Code Reviews for the Win
Once the transformation begins, code reviews will become your best friend. In our case, that was the best way to keep sharing the work that was being done as well as starting the conversation about how to write better code, how to follow good patterns and how to test challenging parts of the system.
Code reviews aren’t meant to impose your style, to force people to do what you want or to demand changes to the code. Use them to ask questions, to understand how developers are thinking about the code and sometimes to provide alternative ways in which problems can be solved. Be patient, the code doesn’t have to be perfect, it should just be trending in the right direction, it should be showing improvement. It’s better for the code to be at 70% of the ideal state but have the developers have ownership over the solution than for you to obsess over every little detail. In other words, choose your battles wisely, let the hard opinions for when they are absolutely necessary, for everything else, prioritize your team’s ownership.
How Far We’ve Come
We’ve been on this journey for two years at the time of the writing. We’re not even close to paying all of our debt, and there’s still a lot to be done, but our “quality of life” has changed completely and so has the way we work. When we started, most pull requests didn’t have tests on them, actually a good chunk of our team hadn’t written unit tests at all.

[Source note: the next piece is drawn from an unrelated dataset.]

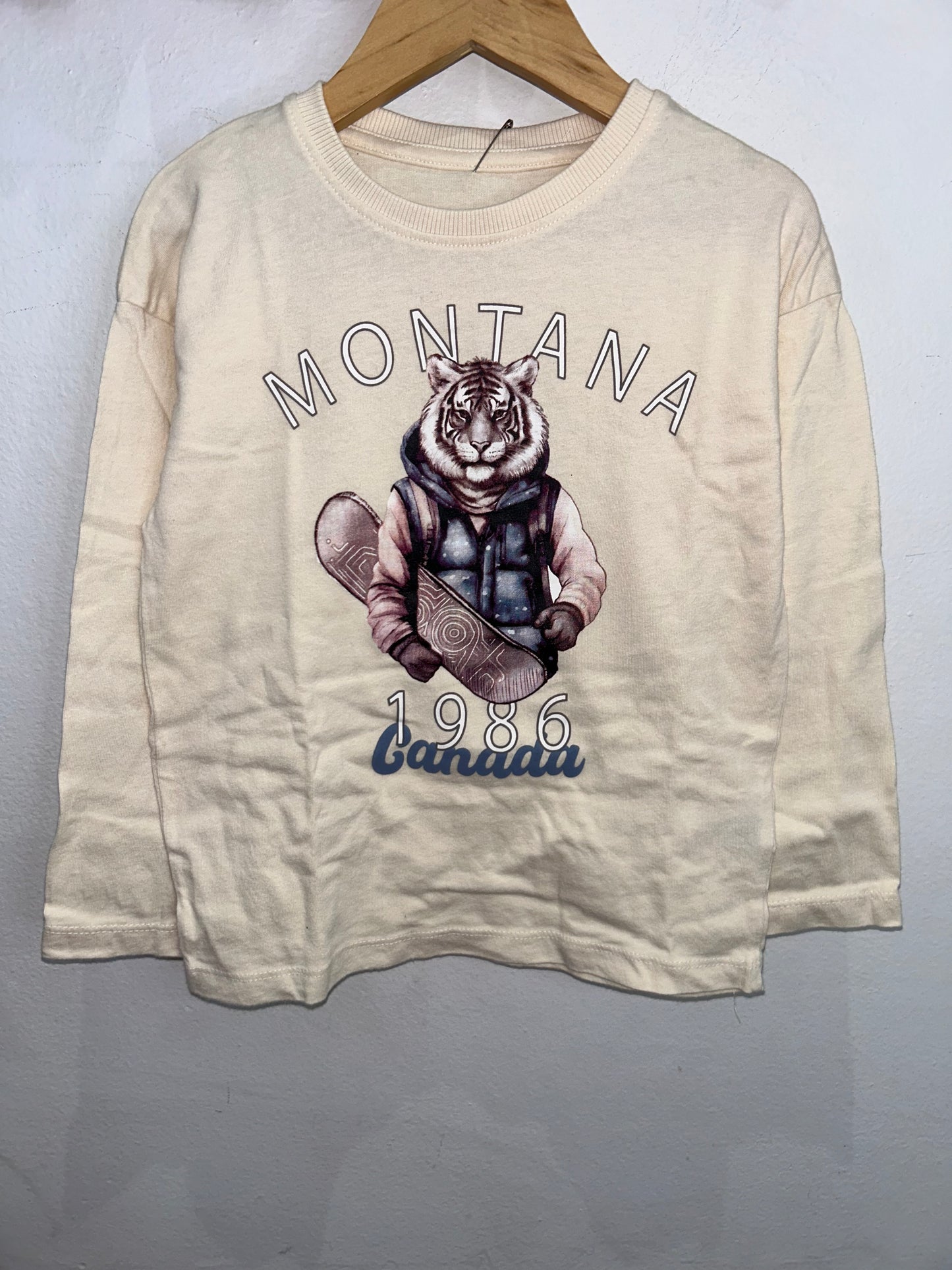 Tiger graphic long sleeve 4-5y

Currently, most of our pull requests are at 85–100% coverage. New people on the team that are completely oblivious to our old state are creating pull requests with 100% coverage on their first week. That’s just our new normal. Thanks to one of the developers on our team, the code has been completely reformatted and it’s following a sensible style guide that is enforced on every build in our CI. Code duplication, which was at about 10% is consistently at 0%. We went from roughly 800 unit tests written over many years by a few heroes to almost 7000 written by each one of us.

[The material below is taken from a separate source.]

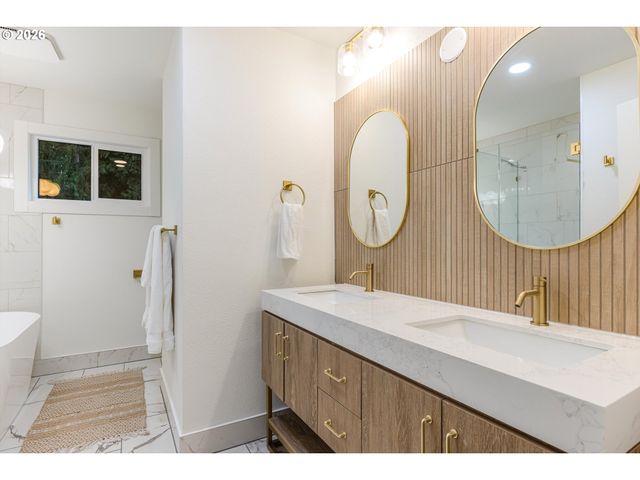 21912 Ne 68TH St, Vancouver, WA 98682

The following image shows the real metrics of our current (as I write this article) leak period without any embellishments. As you can see, it’s not perfect but it feel really good because we know the progress we’ve made.

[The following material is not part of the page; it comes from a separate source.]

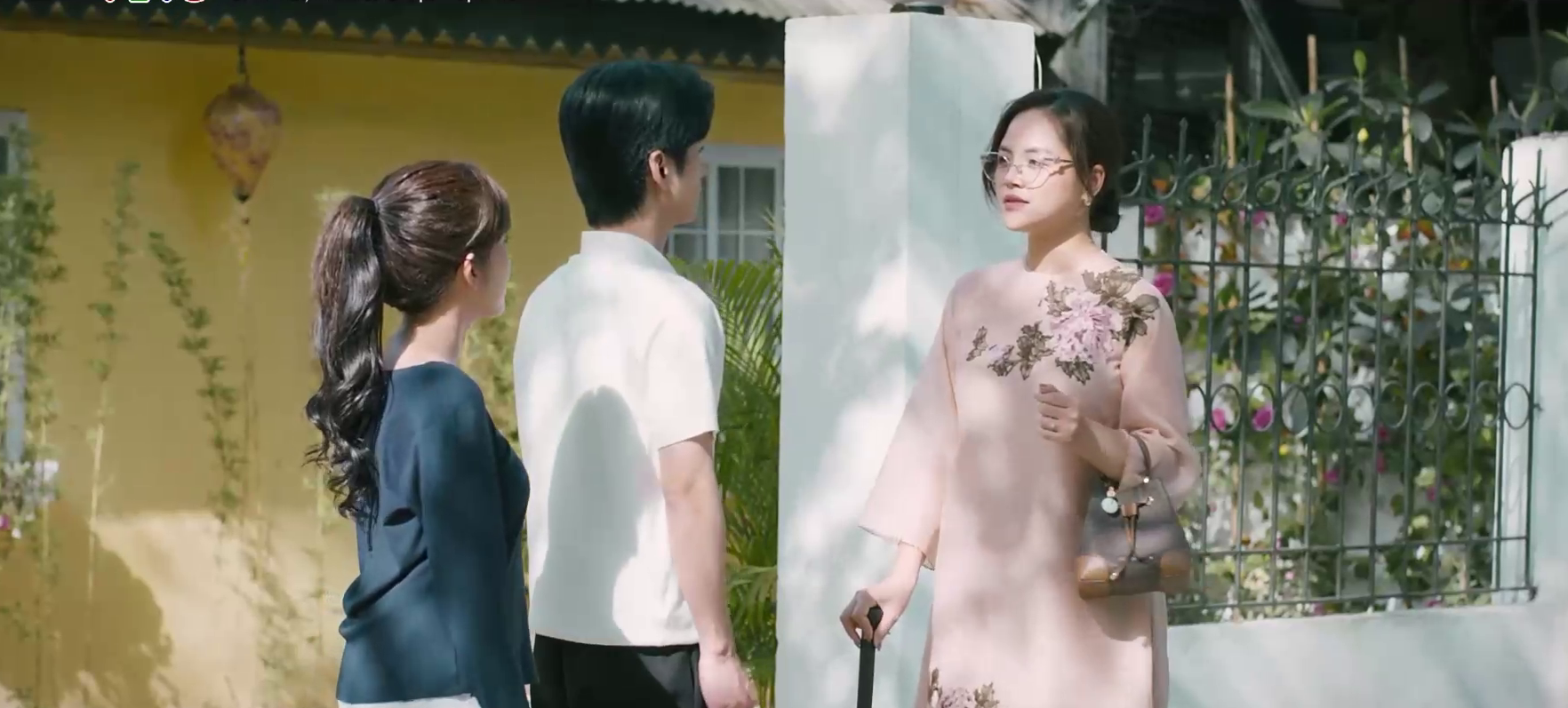 Kết thúc phim 'Cha tôi, người ở lại': Hạnh phúc ngập tràn đến với hai ông bố giàu tình yêu thương- Ảnh 1. Kết thúc phim 'Cha tôi, người ở lại': Hạnh phúc ngập tràn đến với hai ông bố giàu tình yêu thương- Ảnh 1.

Honestly, I don’t care about hitting 100% coverage or any other specific number really. The most important thing is that our team knows to test the code that increases the confidence in the releases. We are all empowered to make decisions about what is right, the metrics are just guidance.
Conclusion
Hopefully this article gave you a little insight on how to run your own revolution and to dust off that old codebase that everyone says it’s a lost cause.
The main takeaway from this should be that you don’t need to fix everything, just what has the most impact on slowing your team down. Finding the right metrics is a critical step for you and your team to be confident you’re in the right direction. Additionally, if you need the support of your stakeholders, these numbers will show them you mean business.
Changing the culture on the team is going to be the most difficult part of the work, don’t overlook that aspect or else everything may go back to the old ways once you step away. One of my favorite quotes about culture is: “Culture is what happens when no one is looking”. For the change to be permanent your team has to embrace this new way of working.